Countries will attempt to recover all lost productivity, such was the case after the 2008 global financial crisis. During 2008, global greenhouse gas emissions fell by 3%, after the global recovery, the emissions returned to normal and every year since then they have risen consistently.

As countries plan their recovery, trying to get people back into work, opening businesses, kickstarting closed industries and boosting global trade, we must ask how much of business-as-usual should we keep business-as-usual. 

Recovery packages, especially for industrialised countries, should aim to prioritise sustainability and shared prosperity, with a renewed perspective on the relationships between communities and the environment around them. 

We should not just be satisfied by the wonder of photos of a cleaner environment, we should strive to rebuild our economies so they foster greater harmony between the built world and the natural world.

After recessions, like the one we are projected to head into, it is unlikely every person who lost their job would be re-employed at the same workplace. Some might not ever find a job again. The case often is that the unemployment rate after recovery is higher than it was before the crisis, and young people will experience this for the longest period post-coronavirus.

To address this, countries should build climate mitigation and adaptation programs using investment or through direct intervention, employing unemployed citizens to play a role in expanding the production of renewable energy, cleaning our waterways and caring for land, and to carbon farm so as to draw down carbon-dioxide from the atmosphere.

This strategy addresses long-term unemployment that is inevitable after the pandemic, and also starts making inroads for reducing the environmental footprint of humanity.

Alongside re-thinking our relationship with nature, we should re-think how our societies operate.

As those who had the luxury of working from home worked from home, the office was stripped bare and shown to be redundant.
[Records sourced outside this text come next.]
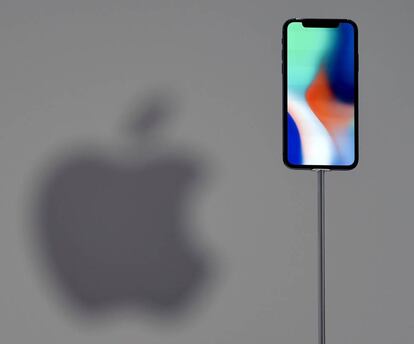 (FILES) This file photo taken on September 12, 2017 shows an iPhone X during a media event at Apple's new headquarters in Cupertino, California. Apple announced on January 17, 2018, it would pay about $38 billion in taxes -- likely the largest payment of its kind -- on profits repatriated from overseas as it boosts investments in the United States. / AFP PHOTO / Josh Edelson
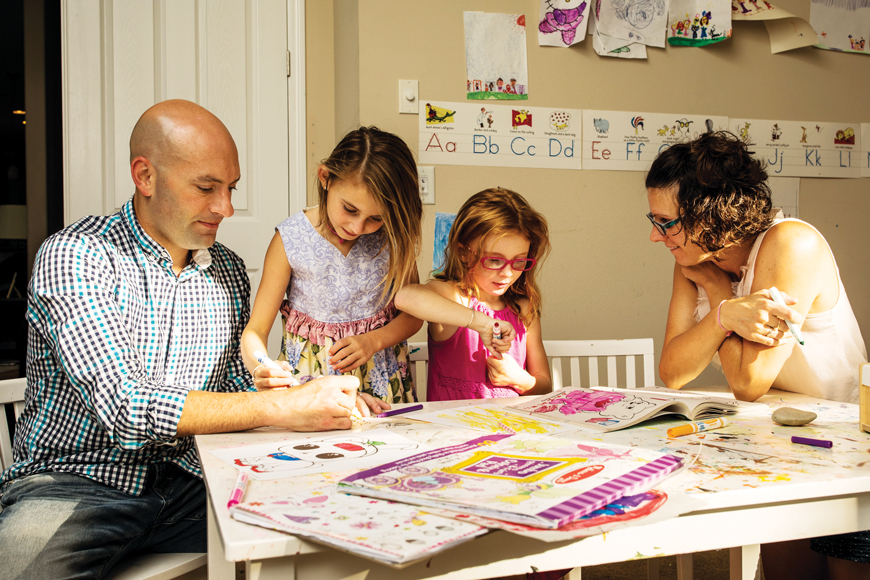 Greenbrook residents Joey and Amy Korenman with their daughters Layla, 7, and Emeline, 6, in the family’s playroom, which doubles as a classroom.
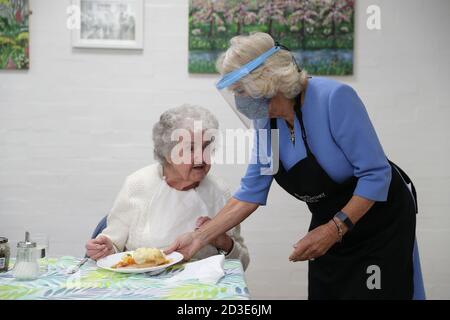 La Duchessa di Cornovaglia, nel suo ruolo di presidente, Royal Voluntary Service, indossa uno scudo facciale mentre serve un pranzo durante una visita al Royal Voluntary Service Mill End Lunch Club di Rickmansworth, Hertfordshire, incontrare i volontari che hanno superato le recenti sfide poste dalla pandemia per ripristinare le tanto necessarie sessioni di pranzo. Foto Stock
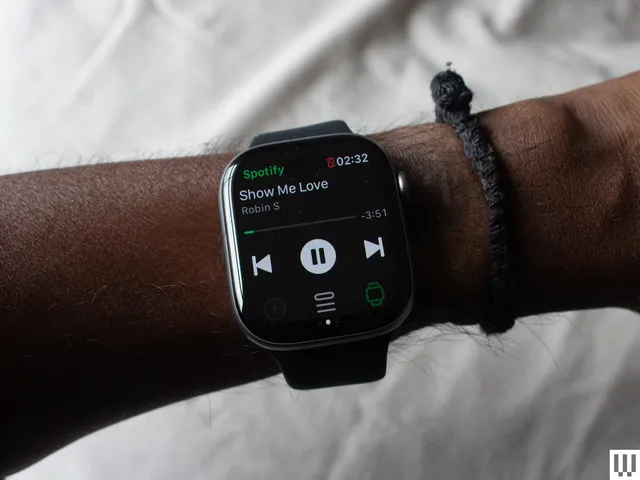 Best Smartwatches 2026: The Essential Buying Guide best smartwatches 2026 — Closeup of a persons wrist wearing a smartwatch with a digital screen showing music mode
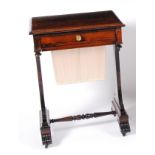 A George IV rosewood needlework table, having a single frieze drawer over a pleated and silk lined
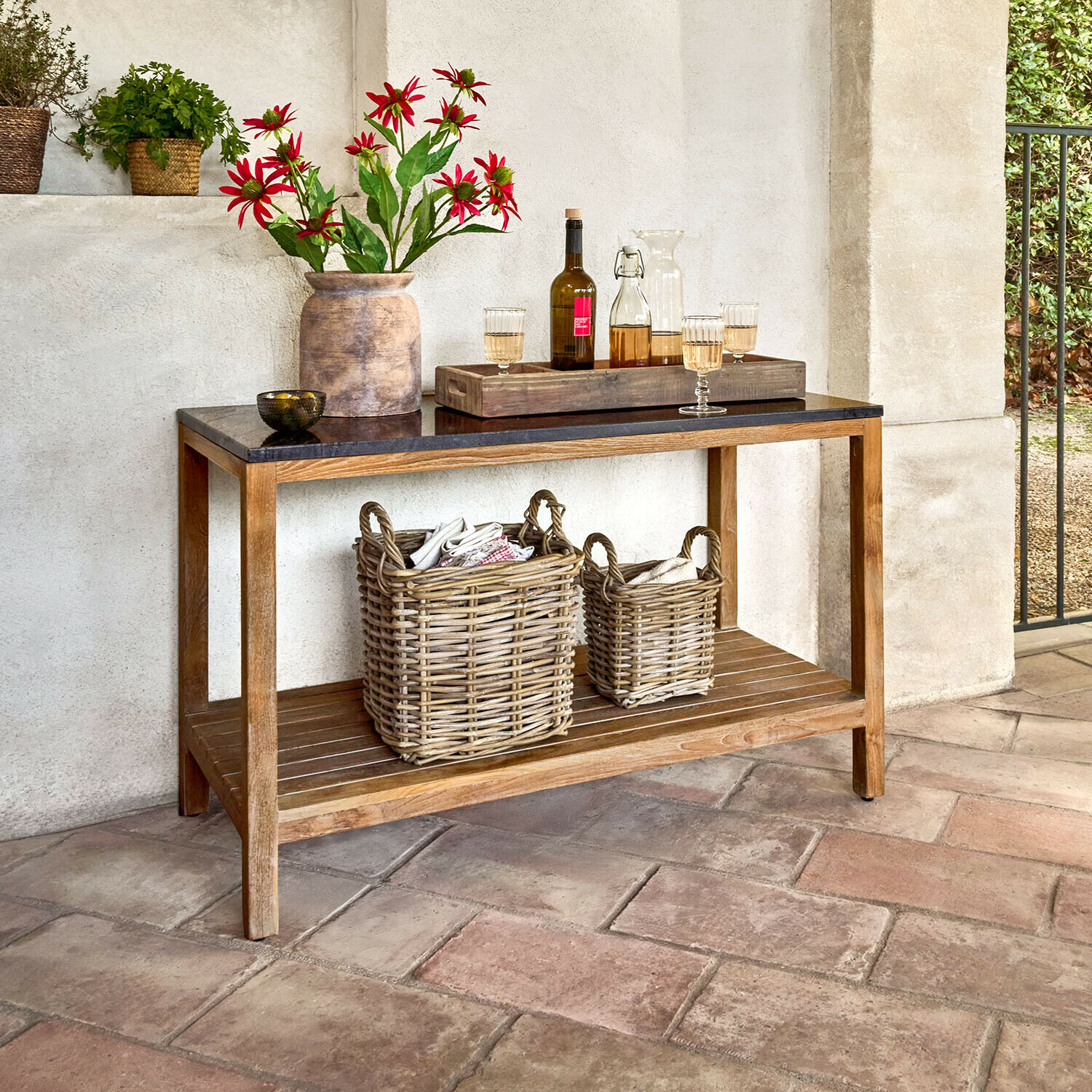 Mesa para cocina exterior Corviano Consola de madera con superficie negra, decorada con jarrón de flores rojas y cestas de mimbre en la repisa inferior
More businesses and workplaces should explore working from home as the default option, freeing up congested highways and freeing up peak hour train services. 

Meetings between co-workers, between managers, and even between Premiers, Prime Ministers, and Presidents, all shifted online. This should really be the norm. 

Physical meetings are appreciated, the spontaneous creativity and problem-solving in the corners of rooms, and networking in corridors are irreplaceable, but surely where we can replace a car ride or a flight with a conference call we should, offsetting potential emissions.

This would, of course, mean a greater focus on education and early-childhood education so that parents don’t have to be stressed out by managing work from home while their young children demand a hundred per cent of their attention. Education and early childhood education are among the most feminised workplaces, a renewed focus in this area would expand female participation in the workforce and deliver better working conditions, especially for early-childhood educators.

Another facet of our society that has been revealed during the pandemic is that the essential workers we have all been thanking are under-appreciated and under-valued. 

We have learnt who truly keeps our communities running: the healthcare workers, the grocery store workers, delivery drivers, cleaners, teachers and educators, public transport workers. Rather than continue looking down at these workers like many of us have done in the past, their work should be recognised and rewarded accordingly. 

Any opportunity we have to rebuild society to be more sustainable, more inclusive, and kinder to nature should not be wasted. 

We saw the photos and watched the video of revitalised wildlife, vibrant landscapes, and clean skies as we were locked indoors.

Let’s not leave them as just viral media but instead let them inspire us to create greater harmony between ourselves and with the natural world around us.